No. 1: Ross Edwards.
Edwards is famous for his "maninya" style of dance-like music. He is well known in Australia particularly for his Marimba Dances, Dawn Mantras, and his violin concerto subtitled "Maninyas." This is the third movement of that concerto: 




No. 2: Peter Sculthorpe.
Born in 1929 Launceston, Tasmania, he is the second oldest of the six. His music is heavily influenced on Indonesian Gamelan music. He is primarily known for his orchestral pieces "Sun Music" (there are several of those), "Kakadu," and "Earth Cry." He is also known for his 18 or so string quartets. This is "Earth Cry:" 




No. 3: Nigel Westlake.
I am assuming he is the among the best known out of the composers here.
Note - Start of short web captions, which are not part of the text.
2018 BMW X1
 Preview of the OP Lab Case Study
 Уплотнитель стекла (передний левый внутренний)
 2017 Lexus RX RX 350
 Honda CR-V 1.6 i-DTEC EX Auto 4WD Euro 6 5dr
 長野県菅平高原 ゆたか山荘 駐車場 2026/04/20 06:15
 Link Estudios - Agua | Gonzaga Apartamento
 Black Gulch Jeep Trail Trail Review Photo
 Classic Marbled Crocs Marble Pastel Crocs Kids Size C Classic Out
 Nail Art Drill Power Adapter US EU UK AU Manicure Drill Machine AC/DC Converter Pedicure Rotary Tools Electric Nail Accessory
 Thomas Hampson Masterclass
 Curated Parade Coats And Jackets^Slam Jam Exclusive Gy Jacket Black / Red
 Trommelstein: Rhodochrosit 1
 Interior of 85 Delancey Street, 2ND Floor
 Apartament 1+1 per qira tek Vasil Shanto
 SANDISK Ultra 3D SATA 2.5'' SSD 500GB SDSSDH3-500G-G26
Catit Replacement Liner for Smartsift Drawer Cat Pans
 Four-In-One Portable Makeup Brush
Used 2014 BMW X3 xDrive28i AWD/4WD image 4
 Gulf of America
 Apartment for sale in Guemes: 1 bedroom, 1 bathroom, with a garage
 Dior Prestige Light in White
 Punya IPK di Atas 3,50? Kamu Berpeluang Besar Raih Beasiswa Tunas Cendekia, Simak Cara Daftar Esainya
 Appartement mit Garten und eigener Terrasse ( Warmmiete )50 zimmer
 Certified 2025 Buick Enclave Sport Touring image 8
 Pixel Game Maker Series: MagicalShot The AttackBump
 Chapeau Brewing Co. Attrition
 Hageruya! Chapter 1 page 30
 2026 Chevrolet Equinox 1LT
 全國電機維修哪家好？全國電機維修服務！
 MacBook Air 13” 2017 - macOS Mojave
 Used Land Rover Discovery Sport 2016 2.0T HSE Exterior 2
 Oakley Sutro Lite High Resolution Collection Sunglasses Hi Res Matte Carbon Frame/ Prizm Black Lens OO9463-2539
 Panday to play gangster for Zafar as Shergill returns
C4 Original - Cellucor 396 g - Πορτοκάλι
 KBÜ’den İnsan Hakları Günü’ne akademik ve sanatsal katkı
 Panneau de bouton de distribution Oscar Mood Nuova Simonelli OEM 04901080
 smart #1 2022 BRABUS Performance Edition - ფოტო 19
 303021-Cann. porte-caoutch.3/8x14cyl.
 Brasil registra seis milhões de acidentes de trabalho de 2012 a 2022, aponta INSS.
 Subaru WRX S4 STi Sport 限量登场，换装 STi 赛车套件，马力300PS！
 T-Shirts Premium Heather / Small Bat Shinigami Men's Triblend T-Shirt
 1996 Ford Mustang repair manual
He has written several guitar works that I know and is also known for his film soundtracks. He is most famous here for his "Antarctica Suite" for guitar and orchestra (taken from his soundtrack to a documentary about Antarctica) and his soundtrack to the movie "Babe." This is the best known movement of the "Antarctica Suite": 




No. 4: Carl Vine.
This composer is primarily known for his piano sonatas and seven symphonies (but he might write more, you never know). His music can be somewhat more aggressive and dissonant than the three above, but his music is quite popular here. This is the first movement of his first piano sonata: 




No. 5: Percy Graniger.
The oldest (and probably most eccentric) of the six, born in Melbourne (the city in which I am currently residing). He has collected and arranged many English and Irish folk songs as well as composing some highly original compositions such as his ballet score "The Warriors." This is a recording of him in 1908 playing his piece "Sheperd's Hey." 




No. 6: Brett Dean.
My personal favourite of the six. Brett Dean's music is probably the most "European sounding." It is often densely atonal and the least (oh I hate this word) "accessible." He has played viola in the Berlin Phil and his most famous composition would probably be his incredible opera "Bliss" based on the novel by Peter Carey:


----------



## Art Rock (Nov 28, 2009)

Sculthorpe (one of my favourite contemporaries), Meale, Grainger, Westlake, and Hyde come to mind.


----------



## violadude (May 2, 2011)

None of your links work.


----------



## ComposerOfAvantGarde (Dec 2, 2011)

They used to work. Strange that.


----------



## violadude (May 2, 2011)

Anyway, have you heard of Brenton Broadstock?


----------



## ComposerOfAvantGarde (Dec 2, 2011)

Played one of his compositions in a string orchestra last year (i played first violin in that rather than viola). Forgotten the piece though. Great composer!


----------



## ComposerOfAvantGarde (Dec 2, 2011)

violadude said:


> None of your links work.


They do now


----------



## superhorn (Mar 23, 2010)

Are any of these composers marsupials ?








:lol: :lol: :lol: :lol:


----------



## mmsbls (Mar 6, 2011)

I know Sculthorpe, Vine, and Graniger. I started a thread on Vine because I loved his Piano Concerto and thought some of his symphonies were quite good. I'm anxious to hear his recently premiered Violin Concerto.


----------



## Guest (Dec 4, 2011)

Two year old thread, here.


----------



## GraemeG (Jun 30, 2009)

I think Elena Kats-Chernin might be more widely known than Brett Dean, or at least well-known enough to expand your list to seven...
GG


----------



## HarpsichordConcerto (Jan 1, 2010)

Agree with your list there, new member ComposerOfAvantGarde! I have some music of every composer listed there on recording, and been in the same concert hall with two of them (though I did not meet Sculthrope and Westlake in person). The six you listed are certainly the best known folks, and they do contribute to modern Australian music - any music, not just "art music".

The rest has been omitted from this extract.